Museu Arqueológico do Carmo
The Carmo church was built in 1389, prompted by the religious aspirations and devotion of its founder, the Constable of the Kingdom, D. Nuno Álvares Pereira. It was built on the hill next the hill of the S. Jorge Castle, and its grandeur and monumentality rival Lisbon’s Sé Cathedral and the Convent of S. Francisco. From its earliest years, this religious space was considered to symbolise the city of Lisbon and the national identity of Portugal, due to the fact that it is associated with one of the most famous Portuguese heroes of the Middle Ages. By choosing the Carmo church for his tomb, Nuno Álvares Pereira decisively left his mark on the whole history of the Gothic monument.
Various additions and alterations were made to the church and convent through the years, adapting to new architectural and decorative tastes and styles, and it was transformed into one of the richest and most powerful construction in Lisbon. In 1755, the earthquake, which hit the city violently, caused serious damage to the building which was worsened by the subsequent fire that almost totally destroyed its interior. In 1756, its reconstruction began in the Neo-Gothic style, but stopped permanently in 1834 due to the abolition of the religious orders in Portugal. The pillars and arches of the naves date from this period of reconstruction and are genuine examples of experimental Neo-Gothic architecture. In the mid-19th century, a romantic taste for ruins and for old medieval monuments prevailed, and it was decided not to continue the reconstruction of the building, leaving the body of the church’s naves open to the sky. A magical scenario of ruins was created, which so pleased the nineteenth century aesthetes and today still enchants its contemporaries today. The Carmo Ruins were transformed into a memorial to the earthquake of 1755.
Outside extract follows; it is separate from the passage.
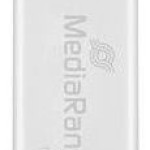 MediaRange 128GB USB 3.0 Stick Ασημί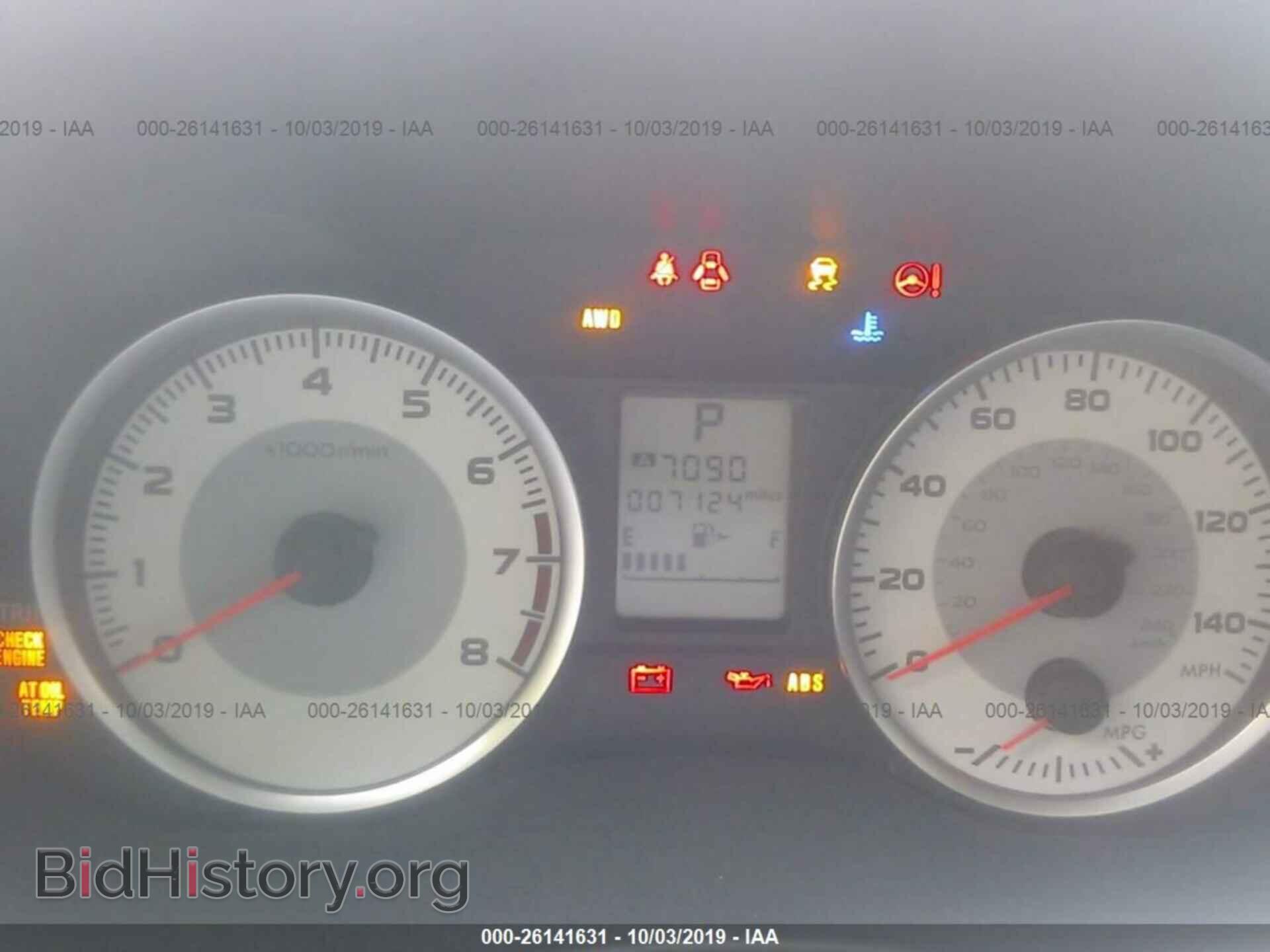 2013 SUBARU IMPREZA - VIN: JF1GJAC64DH024493 - Фото 7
The Museu Arqueológico do Carmo, is installed there and was founded in 1864 by the first chairman of the Associação dos Arqueólogos Portugueses, Joaquim Possidónio Narciso da Silva (1806-1896). It was the first museum of Art and Archeology in the country, and was created to protect Portugal’s national heritage, which was increasingly dilapidated and run down, as a consequence of the abolition of the Religious Orders and the extensive damage caused during the French Invasions and the Liberal Wars.
During the first few years of its existence, it brought together a collection of numerous fragments of architecture and sculpture, as well as important sculptural funeral monuments, panels of decorative tiles, coats of arms and other objects of historical-artistic and archaeological interest. At the end of the 19th century and the third quarter of the 20th century, important collections of art and archaeology from different places entered the Museum, and included the collection of Roman epigraphy, the collection of Pre-Columbian ceramics and mummies and the original collection from the excavation Castro de Vila Nova de S. Pedro, in Azambuja (Calcolytic about 3500 BC.), today with about a thousand artefacts in a permanent exhibition.
For more than a century of its existence and service to the scientific community and general public, the Museu Arqueólogo do Carmo, has been cloaked in its “romantic aura”, offering a space for enjoying aesthetics, culture and contemplation in the heart of central Lisbon.